Each line in the entries below that holds the string "Button" must be copied.

───

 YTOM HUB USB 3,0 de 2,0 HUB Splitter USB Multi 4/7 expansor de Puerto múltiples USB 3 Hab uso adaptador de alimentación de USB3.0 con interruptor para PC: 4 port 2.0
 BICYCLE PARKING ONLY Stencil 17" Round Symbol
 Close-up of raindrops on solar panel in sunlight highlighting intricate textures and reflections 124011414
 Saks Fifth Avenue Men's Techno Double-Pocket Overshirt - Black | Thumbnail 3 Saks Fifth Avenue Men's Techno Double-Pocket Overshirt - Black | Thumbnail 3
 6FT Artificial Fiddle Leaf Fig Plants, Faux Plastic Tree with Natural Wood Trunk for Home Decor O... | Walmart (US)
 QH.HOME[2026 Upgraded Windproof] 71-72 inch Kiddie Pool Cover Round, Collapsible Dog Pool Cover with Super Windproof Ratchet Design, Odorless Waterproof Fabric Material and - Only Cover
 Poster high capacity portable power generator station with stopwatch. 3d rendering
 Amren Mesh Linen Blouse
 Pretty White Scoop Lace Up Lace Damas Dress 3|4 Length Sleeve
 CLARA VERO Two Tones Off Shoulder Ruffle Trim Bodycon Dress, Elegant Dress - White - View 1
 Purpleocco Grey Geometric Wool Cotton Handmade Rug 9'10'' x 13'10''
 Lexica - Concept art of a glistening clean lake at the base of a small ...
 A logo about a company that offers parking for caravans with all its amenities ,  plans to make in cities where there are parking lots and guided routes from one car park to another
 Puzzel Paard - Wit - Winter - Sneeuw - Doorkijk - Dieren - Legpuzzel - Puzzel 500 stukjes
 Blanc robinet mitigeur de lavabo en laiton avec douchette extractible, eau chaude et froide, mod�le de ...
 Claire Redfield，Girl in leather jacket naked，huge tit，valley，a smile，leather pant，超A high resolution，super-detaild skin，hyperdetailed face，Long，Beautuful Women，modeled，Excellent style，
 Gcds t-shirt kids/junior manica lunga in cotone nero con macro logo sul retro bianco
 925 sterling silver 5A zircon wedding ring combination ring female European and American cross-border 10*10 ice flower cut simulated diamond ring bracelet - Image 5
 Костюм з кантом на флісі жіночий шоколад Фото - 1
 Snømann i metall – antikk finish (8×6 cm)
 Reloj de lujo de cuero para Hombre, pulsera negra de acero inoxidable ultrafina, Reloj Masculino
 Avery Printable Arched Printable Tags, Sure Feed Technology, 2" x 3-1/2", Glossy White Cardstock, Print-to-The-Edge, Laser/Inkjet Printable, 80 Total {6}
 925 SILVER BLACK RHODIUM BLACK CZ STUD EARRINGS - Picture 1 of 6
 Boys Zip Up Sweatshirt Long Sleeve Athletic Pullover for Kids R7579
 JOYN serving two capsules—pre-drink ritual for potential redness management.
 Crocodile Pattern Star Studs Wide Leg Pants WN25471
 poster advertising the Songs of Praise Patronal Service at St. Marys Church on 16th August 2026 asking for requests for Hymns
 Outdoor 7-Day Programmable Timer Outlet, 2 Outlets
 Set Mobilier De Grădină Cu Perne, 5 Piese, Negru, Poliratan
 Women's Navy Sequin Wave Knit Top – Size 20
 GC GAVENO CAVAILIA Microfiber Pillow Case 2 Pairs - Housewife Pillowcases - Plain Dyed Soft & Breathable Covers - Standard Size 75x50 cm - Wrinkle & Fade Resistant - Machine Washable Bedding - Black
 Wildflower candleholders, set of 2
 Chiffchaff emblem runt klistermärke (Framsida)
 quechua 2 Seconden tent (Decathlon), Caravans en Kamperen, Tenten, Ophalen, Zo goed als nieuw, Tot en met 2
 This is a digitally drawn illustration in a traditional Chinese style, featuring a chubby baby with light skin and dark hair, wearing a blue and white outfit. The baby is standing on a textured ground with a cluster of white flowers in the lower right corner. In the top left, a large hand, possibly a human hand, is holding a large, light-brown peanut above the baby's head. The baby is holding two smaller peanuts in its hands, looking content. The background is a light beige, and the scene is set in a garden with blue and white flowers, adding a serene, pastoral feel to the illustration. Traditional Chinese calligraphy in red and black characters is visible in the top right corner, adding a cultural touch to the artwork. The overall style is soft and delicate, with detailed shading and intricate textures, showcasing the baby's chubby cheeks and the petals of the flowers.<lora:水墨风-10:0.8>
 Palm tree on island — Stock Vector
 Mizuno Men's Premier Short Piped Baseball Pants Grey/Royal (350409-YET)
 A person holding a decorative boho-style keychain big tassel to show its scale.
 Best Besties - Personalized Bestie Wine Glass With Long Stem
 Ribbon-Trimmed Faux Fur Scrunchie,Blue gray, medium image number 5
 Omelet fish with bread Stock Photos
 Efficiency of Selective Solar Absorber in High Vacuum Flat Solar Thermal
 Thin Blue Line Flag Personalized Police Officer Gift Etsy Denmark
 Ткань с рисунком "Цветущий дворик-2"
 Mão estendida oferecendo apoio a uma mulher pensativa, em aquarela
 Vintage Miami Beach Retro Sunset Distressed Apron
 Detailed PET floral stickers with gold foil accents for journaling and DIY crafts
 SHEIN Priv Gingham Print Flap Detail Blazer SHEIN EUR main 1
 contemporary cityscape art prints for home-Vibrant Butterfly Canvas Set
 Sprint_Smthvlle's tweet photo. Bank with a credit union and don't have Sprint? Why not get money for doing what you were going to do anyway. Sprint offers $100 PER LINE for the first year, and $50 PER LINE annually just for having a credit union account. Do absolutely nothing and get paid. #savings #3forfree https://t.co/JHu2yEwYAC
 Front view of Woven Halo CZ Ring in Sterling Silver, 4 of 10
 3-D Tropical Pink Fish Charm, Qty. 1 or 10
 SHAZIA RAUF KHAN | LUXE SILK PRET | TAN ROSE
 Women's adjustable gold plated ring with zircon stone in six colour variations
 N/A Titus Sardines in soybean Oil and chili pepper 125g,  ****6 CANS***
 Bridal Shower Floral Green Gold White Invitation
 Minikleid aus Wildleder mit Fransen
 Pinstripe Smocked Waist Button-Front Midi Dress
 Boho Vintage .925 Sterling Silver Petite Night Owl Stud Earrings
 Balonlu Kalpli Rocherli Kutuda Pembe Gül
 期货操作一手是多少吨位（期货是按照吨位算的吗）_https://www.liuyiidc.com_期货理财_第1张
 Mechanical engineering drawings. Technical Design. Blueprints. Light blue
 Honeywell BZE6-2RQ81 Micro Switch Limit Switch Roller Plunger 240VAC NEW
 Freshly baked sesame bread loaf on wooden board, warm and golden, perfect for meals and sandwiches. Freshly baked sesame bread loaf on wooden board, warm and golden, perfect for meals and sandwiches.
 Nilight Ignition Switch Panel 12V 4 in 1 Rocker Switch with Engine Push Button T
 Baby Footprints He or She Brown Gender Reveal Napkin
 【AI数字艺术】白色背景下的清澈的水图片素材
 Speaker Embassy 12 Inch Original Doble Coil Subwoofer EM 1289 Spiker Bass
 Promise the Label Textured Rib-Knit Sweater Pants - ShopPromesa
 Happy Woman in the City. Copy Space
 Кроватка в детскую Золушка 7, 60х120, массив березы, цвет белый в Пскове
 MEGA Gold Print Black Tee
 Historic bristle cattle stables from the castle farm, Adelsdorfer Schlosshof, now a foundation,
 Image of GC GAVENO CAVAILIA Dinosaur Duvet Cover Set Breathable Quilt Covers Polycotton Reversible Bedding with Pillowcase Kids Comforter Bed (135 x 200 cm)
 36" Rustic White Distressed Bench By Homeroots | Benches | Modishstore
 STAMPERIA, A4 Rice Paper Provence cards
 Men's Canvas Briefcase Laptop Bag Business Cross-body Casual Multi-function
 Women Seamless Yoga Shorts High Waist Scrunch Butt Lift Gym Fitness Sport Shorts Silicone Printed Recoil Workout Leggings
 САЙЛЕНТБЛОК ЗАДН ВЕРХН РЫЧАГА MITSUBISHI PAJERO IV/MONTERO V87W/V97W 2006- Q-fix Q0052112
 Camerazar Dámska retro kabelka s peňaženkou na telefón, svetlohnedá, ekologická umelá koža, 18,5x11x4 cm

───

● RESPONSE FOR THIS EXERCISE
 Pinstripe Smocked Waist Button-Front Midi Dress
 Nilight Ignition Switch Panel 12V 4 in 1 Rocker Switch with Engine Push Button T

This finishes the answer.